A Calimera operava da alcuni anni il Circolo Culturale Ghetonìa, nell’ambito del quale era molto attivo lo studioso Rocco Aprile, legato da grande amicizia a Franco Palumbo. I manoscritti, completati con quello che era stato prestato a Salvatore Sicuro per la realizzazione di “Canti greci di Corigliano d’Otranto”, furono quindi affidati nel 1966 al circolo Ghetonìa per il loro studio e per la realizzazione di pubblicazioni, man mano che se ne fosse presentata la possibilità.
Fu quindi elaborato un piano che prevedeva l’indagine a temi, la trascrizione dei materiali, lo studio e la pubblicazione in griko e in italiano. Si decise di iniziare con le fiabe ed i racconti, i cui testi si trovavano riportati in diversi quaderni. Nel lavoro di indagine, studio, trascrizione e proposizione fu coinvolto Salvatore Tommasi, che aveva da poco concluso Katalisti o kosmo, la prima grammatica scientifica del griko. Ne venne fuori una pubblicazione in due volumi (in griko e in italiano) nella quale trascrizione, studio e traduzione dei brani furono affiancati dalla catalogazione delle fiabe con gli indici di Aarne Thompson e dalla comparazione con la letteratura popolare greca, russa, tedesca, slava e siciliana (Pitrè). La pubblicazione (Ghetonìa, Calimera, 1998) fu resa possibile anche grazie dal sostegno della Commissione Europea, che si apriva alla valorizzazione di lingue e culture minoritarie.
Alcuni anni dopo fu portato avanti lo studio sulla letteratura in versi, nel quale fu coinvolto Salvatore Sicuro, che già aveva curato studio e pubblicazione dei “Canti greci di Corigliano
d’Otranto”. I canti furono organizzati per paese, con lo scopo di valorizzare le differenze che si ritrovano nelle varie espressioni del griko. Per ciascun paese ellenofono, i brani furono ordinati per tema (canti religiosi, canti d’amore, canti dispetto, canti varii, canti di morte). La pubblicazione vide la luce nel 1999.

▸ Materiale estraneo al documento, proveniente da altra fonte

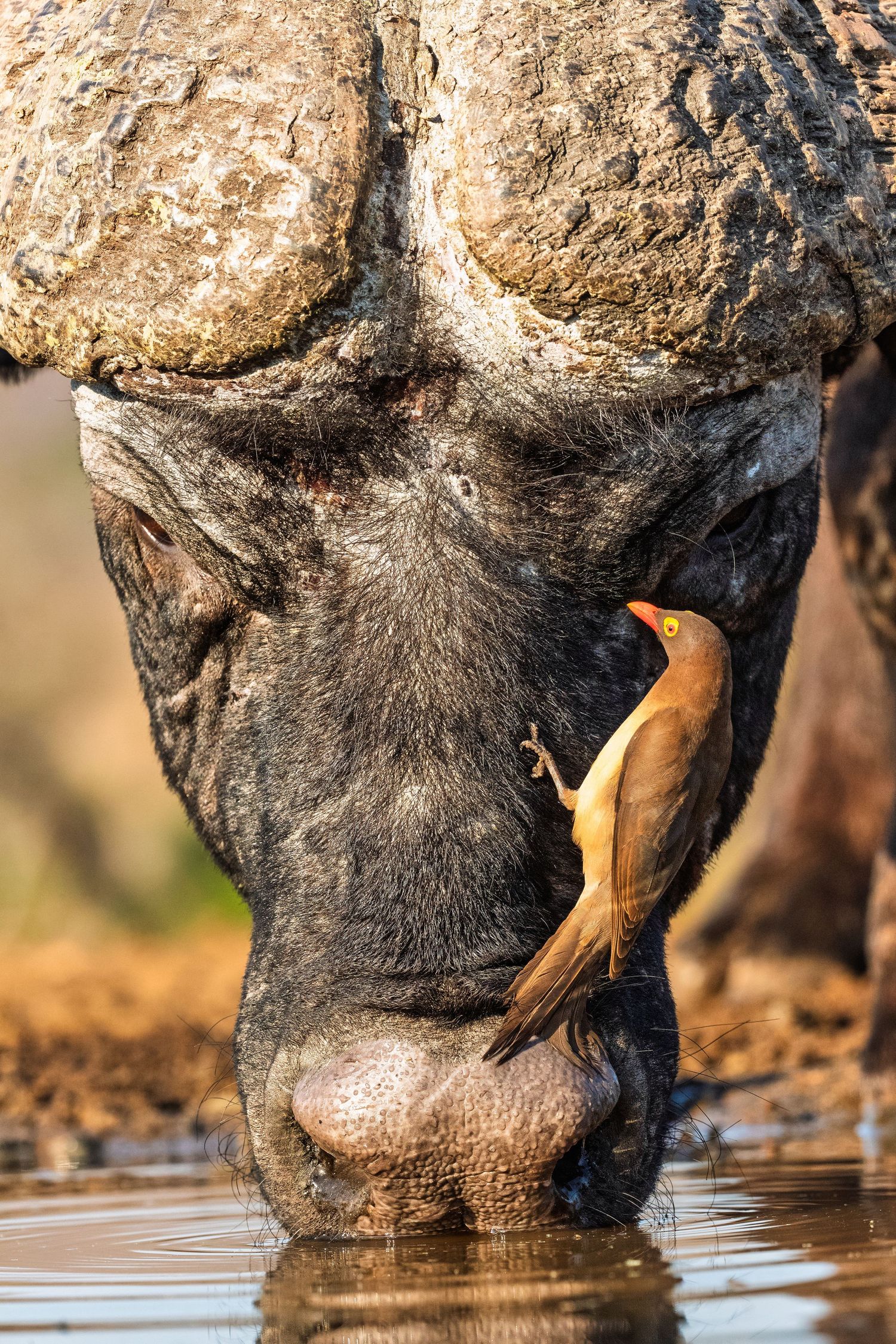 An oxpecker bird clings to the nose of a Cape buffalo drinking water at a watering hole in Africa.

Lo studio e la pubblicazione dei manoscritti furono conclusi nel 2015 con l’indagine di Francesca Licci su proverbi, ninne nanne, modi di dire, ecc. Tre opere, in quattro volumi, furono raccolte in un cofanetto contenente la Letteratura Popolare Della Grecia Salentina, cofanetto che costituisce la più imponente raccolta di letteratura popolare tra le Minoranze Linguistiche di antico insediamento in Italia.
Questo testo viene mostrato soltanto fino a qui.